Efficient Non-greedy Optimization of Decision Trees

Authors: Mohammad Norouzi, Maxwell Collins, Matthew A. Johnson, David J. Fleet, Pushmeet Kohli

NeurIPS 2015 | Conference PDF | Archive PDF | Plain Text | LLM Run Details

Reproducibility Variable Result LLM Response
Research Type Experimental Experiments on several classification benchmarks demonstrate that the resulting non-greedy decision trees outperform greedy decision tree baselines. Experiments are conducted on several benchmark datasets from Lib SVM [6] for multi-class classification, namely Sens IT, Connect4, Protein, and MNIST.
Researcher Affiliation Collaboration 1,4 Department of Computer Science, University of Toronto 2 Department of Computer Science, University of Wisconsin-Madison 3,5 Microsoft Research
Pseudocode Yes Algorithm 1 Stochastic gradient descent (SGD) algorithm for non-greedy decision tree learning.
Open Source Code No The paper does not provide concrete access to source code.
Open Datasets Yes Experiments are conducted on several benchmark datasets from Lib SVM [6] for multi-class classification, namely Sens IT, Connect4, Protein, and MNIST.
Dataset Splits Yes We use the provided train; validation; test sets when available. If such splits are not provided, we use a random 80%/20% split of the training data for train; validation and a random 64%/16%/20% split for train; validation; test sets.

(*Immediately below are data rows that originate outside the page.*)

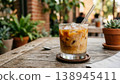 An iced latte sits on a wooden table at a terrace cafe, its milk creating a beautiful marbled pattern. 138945411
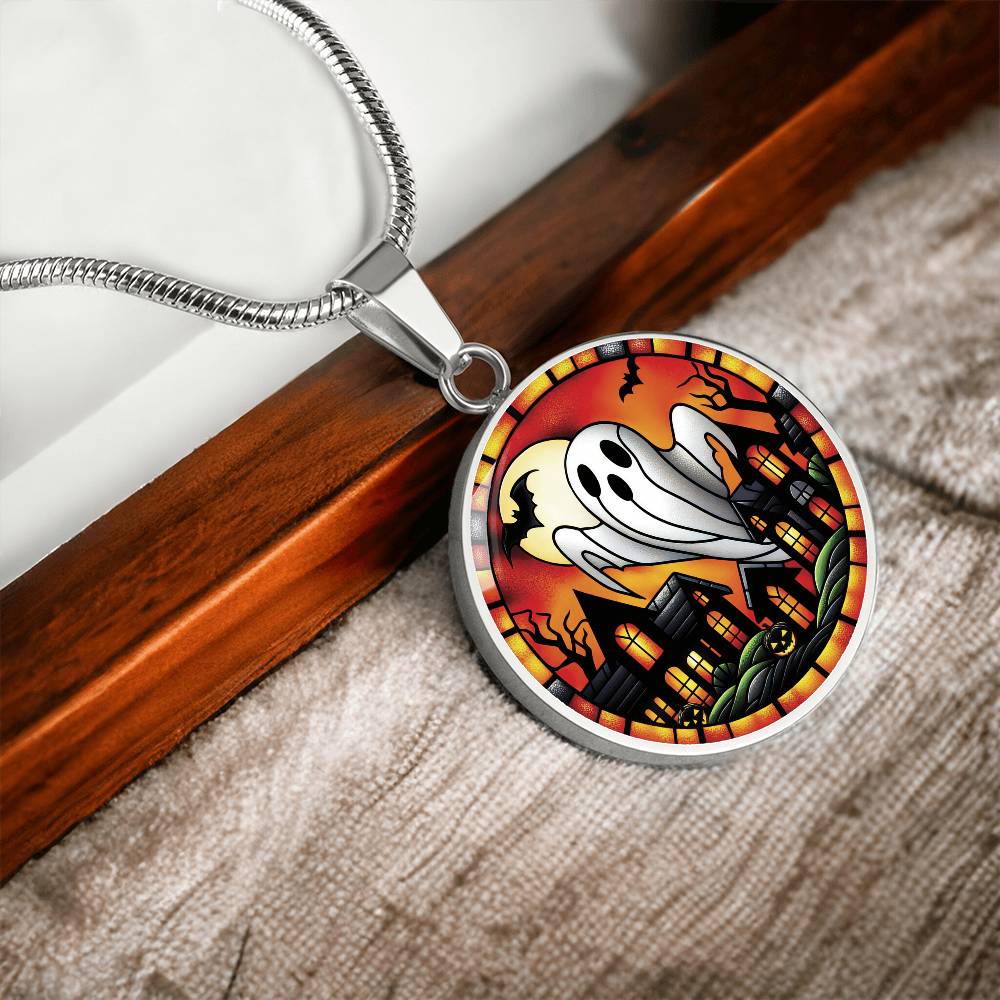 An elegant silver pendant Halloween Ghost Necklace. The colors are white, black, yellow, orange and green. This jewelry offers personalization with an engraving option for a name.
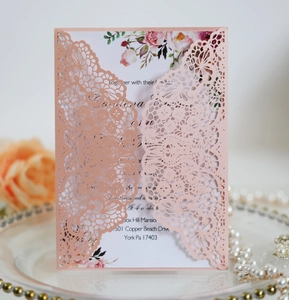 Detailed macro of laser-cut lace wedding invitation with floral printed inner card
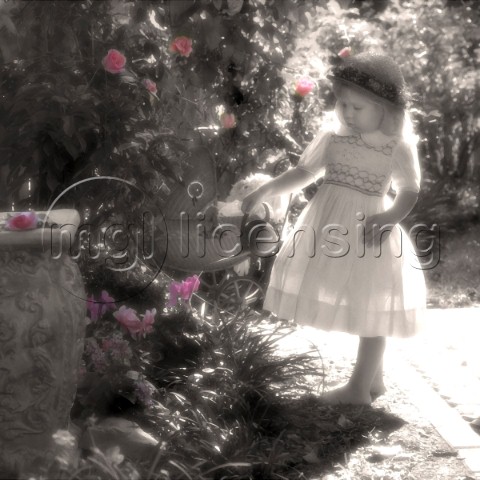 Girl with watering can watering the roses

Hardware Specification No The paper does not provide specific hardware details (e.g., CPU/GPU models, memory) used for running its experiments.
Software Dependencies No The paper mentions "Lib SVM" as a source for datasets but does not provide specific version numbers for any software dependencies used in the implementation (e.g., Python, PyTorch, TensorFlow, etc.).

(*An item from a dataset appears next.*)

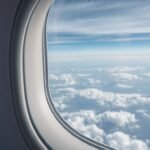 View of the clouds and blue sky from an airplane window seat during a flight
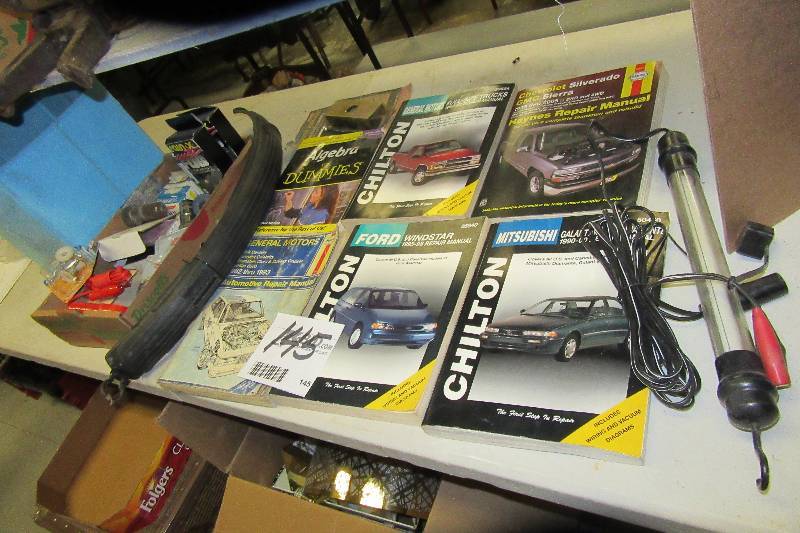 lot 145 image: Auto repair books  LED work light, Misc. .items in the box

Experiment Setup Yes The hyper-parameters for each method are tuned for each depth independently. We train multiple trees for different values of ν {0.1, 1, 4, 10, 43, 100}, and we pick the value of ν that produces the tree with minimum validation error. We also tune the choice of the SGD learning rate, η, in this step. To build non-greedy trees, we initially build an axis-aligned tree with split functions that threshold a single feature optimized using conventional procedures that maximize information gain. The axisaligned split is used to initialize a greedy variant of the tree training procedure called CO2 [18]. This provides initial values for W and Θ for the non-greedy procedure.